Bostic v. State, A15A0600, Reversed, June 25th, 2015. Perry Bostic appealed from the Trial Court’s denial of his motion to suppress his state-administered alcohol breath test from the Laurens County Superior Court wherein the Trial Court found that Police had “probable cause” to arrest him for DUI. The Court of Appeals agreed with Bostic and reversed. Bostic was stopped by the Dublin Police Department for having a tag frame obstruct his license plate. The Dublin Police Officer noticed that Bostic’s eyes are bloodshot and watery. Bostic admitted to drinking one beer one hour earlier. The Officer performed a portable breath test which was positive for the presence of alcohol. No other field tests were performed as the Officer was not certified to perform field sobriety evaluations. Bostic also admitted to having a suspended license from a previous DUI conviction. The video showed that Bostic answered all of the Officer’s questions promptly and his speech was clear. In the video, Bostic exited the car, walked normally and his gait was steady.
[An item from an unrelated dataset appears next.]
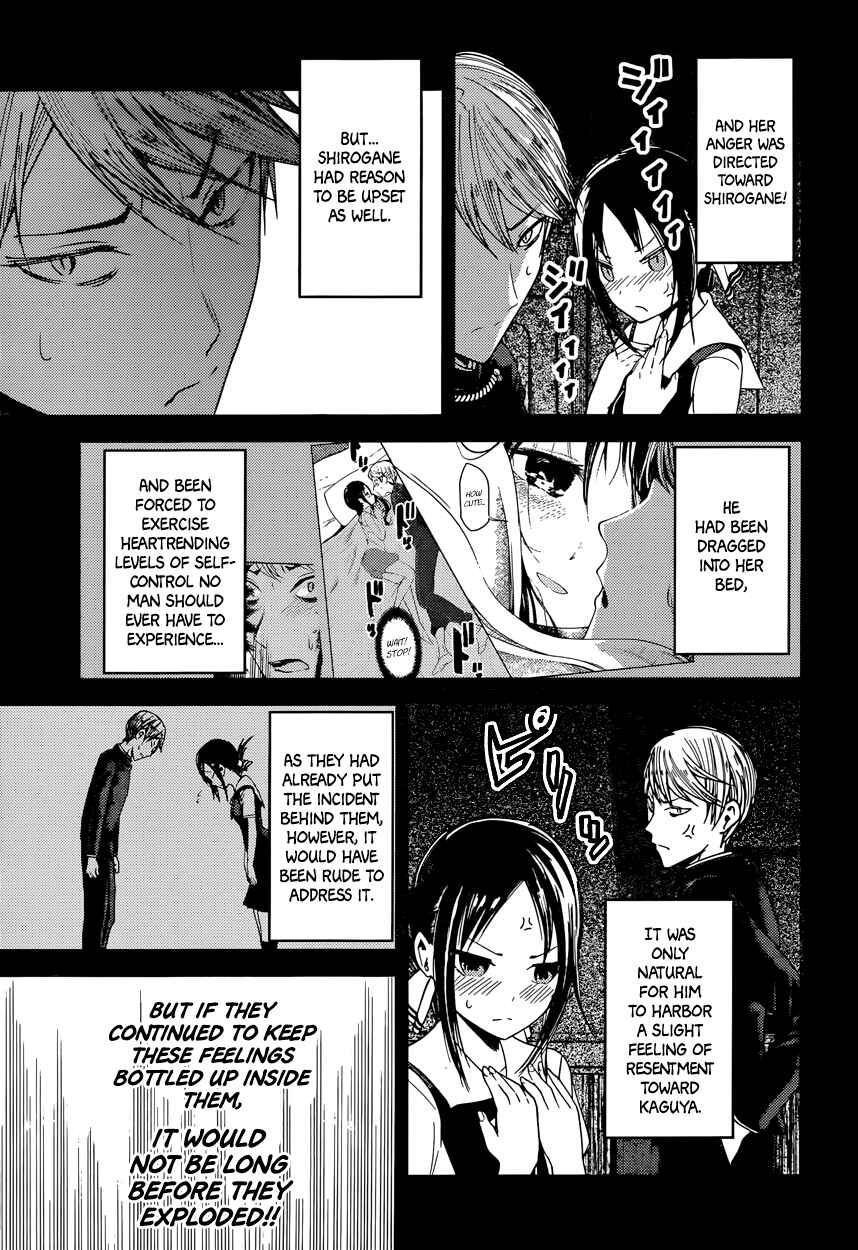 Page 5 Chapter 37 Kaguya-sama wa Kokurasetai: Tensai-tachi no Renai Zunousen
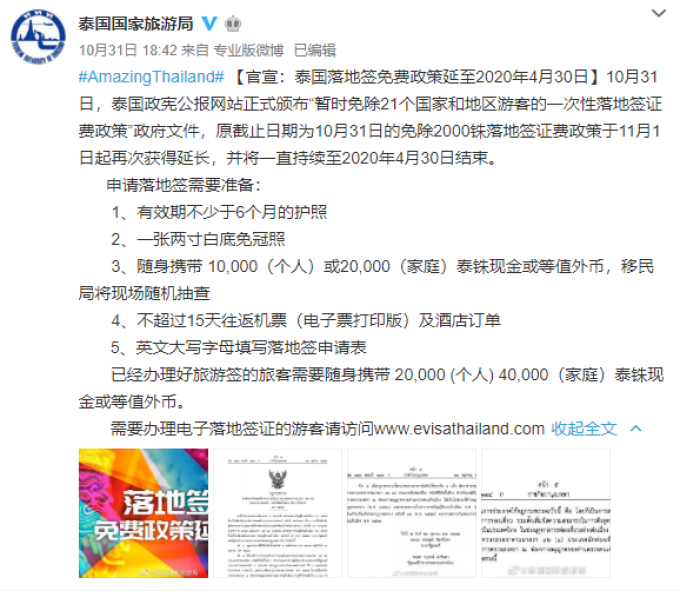 签证快讯:泰国落地签免费政策再延至明年4月30日 泰国将在春节期间给赴泰中国游客发红包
The Court of Appeals found that these facts did not support a finding of probable cause for DUI. Probable Cause exists for an arrest where the objective facts known to the officer establish a probability that the suspect has been engaged in illegal activity. A probability is less than a certainty but more than a mere suspicion or possibility. Campbell v. State, 313 Ga App 436, 438, 721 SE2d 649 (2011); Gregoire v. State, 285 Ga App 111, 113(1), 645 SE2d 649 (2007). To arrest a driver for DUI less safe in Georgia, a Police Officer must have knowledge or reasonably trustworthy information that a suspect was actually in physical control of a moving vehicle, while under the influence of alcohol to a degree that renders him incapable of driving safely. The mere presence of alcohol is not the issue. State v. Sanders, 274 Ga App 393, 396, 617 SE2d 633 (2005). The mere fact that a suspect admits to having consumed alcohol before driving does not provide the probable cause necessary to support a DUI arrest. Handley v. State, 294 Ga App 236, 237, 668 SE2d 855 (2008); State v. Ellison, 271 Ga App 898, 901 (3)(b), 611 SE2d 129 (2005). Impaired driving ability depends solely upon an individual’s response to alcohol. Because individual responses to alcohol vary, the presence of alcohol, in a defendant’s body, by itself, does not support an inference that the defendant was an impaired driver. Ellison supra at 902 (3)(b). See also, Armour v. State, 315 Ga. App. 745, 747 (1), 728 SE2d 270 (2012) (“evidence which shows only that a defendant had [alcohol] in her body while driving provides insufficient probable cause to arrest for DUI”) (punctuation and footnote omitted; emphasis in original); Slayton v. State, 281 Ga. App. 650, 652 (1), 637 SE2d 67 (2006) (“a positive alco-sensor result shows only the presence of alcohol, not that the driver is intoxicated and it is less safe for him to drive”).
The Trial Court’s order found that the only evidence of impairment was the consumption of beer, the appearance of his eyes, and the positive result on the alco-sensor or portable alcohol breath test device. This evidence rises only to the level of suspicion or possibility which is not sufficient for a finding of probable cause. This case is significant not only as a significant DUI probable decision but it represents one of a handful if not the only Georgia Appellate case where a Judge was reversed on probable cause and not the more typical situation where the Appellate Court simply affirmed the Trial Court’s decision as not being an abuse of discretion. It goes back to my underlying theme in recent opinions of if there is a video it’s de novo.